Prompt >>
Restate word for word the lines of the listing below, from its first line through the line with "Everest EMGR24B glass", without the pictures.

Information supplied >>

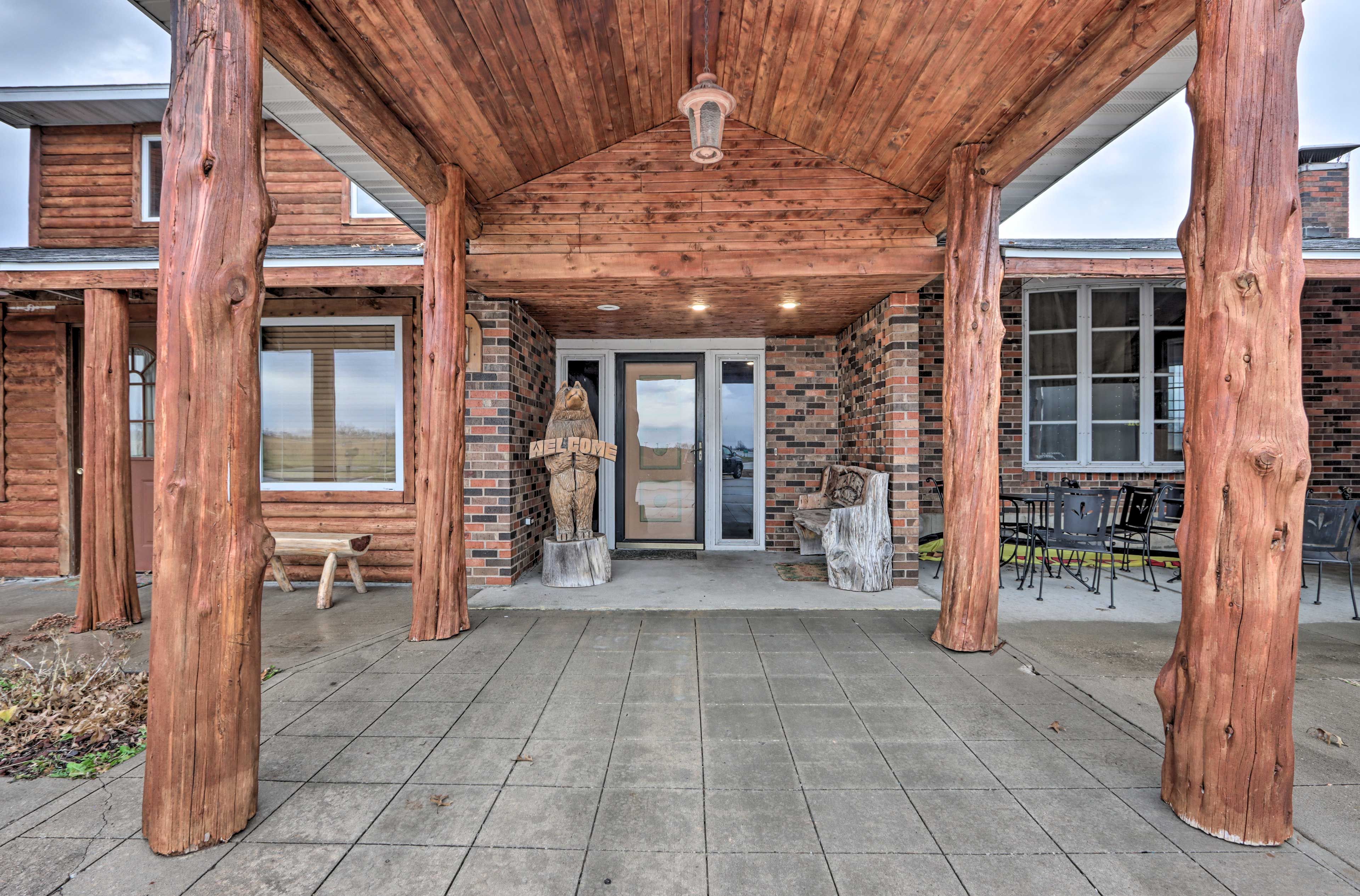 Cottage Entry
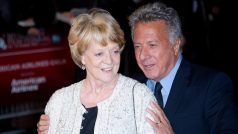 Maggie Smithová a Dustin Hoffman na premiéře filmu Kvartet v roce 2012 v Londýně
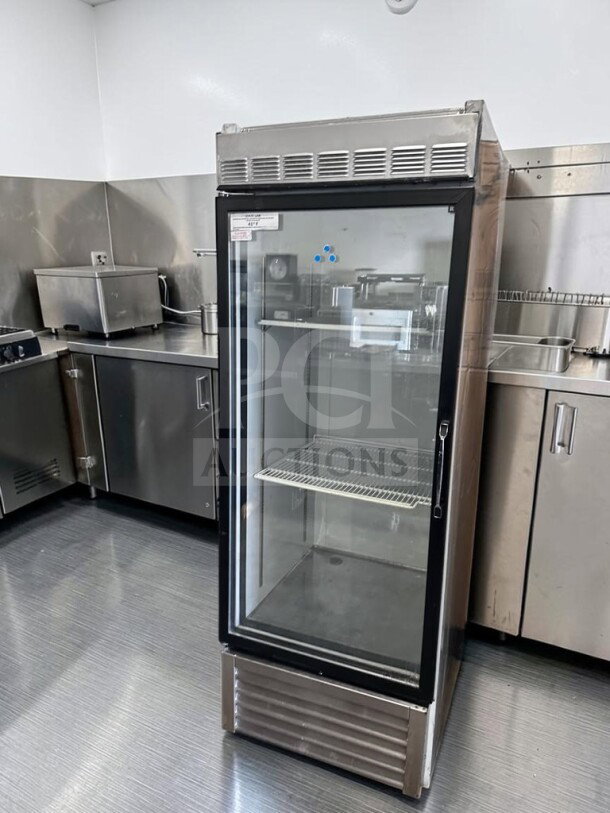 Everest EMGR24B glass door merchandiser refrigerator, 25 cu. ft., immaculate condition, NSF & ETL listed, fully tested.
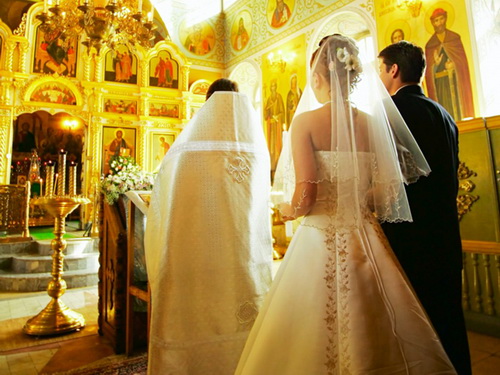 Čaj-od-šljiva-O-Svadbama-engleska-i-srpska-svadba-i-venčanje-u-crkvi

Response area >>
 Cottage Entry
 Maggie Smithová a Dustin Hoffman na premiéře filmu Kvartet v roce 2012 v Londýně
 Everest EMGR24B glass door merchandiser refrigerator, 25 cu. ft., immaculate condition, NSF & ETL listed, fully tested.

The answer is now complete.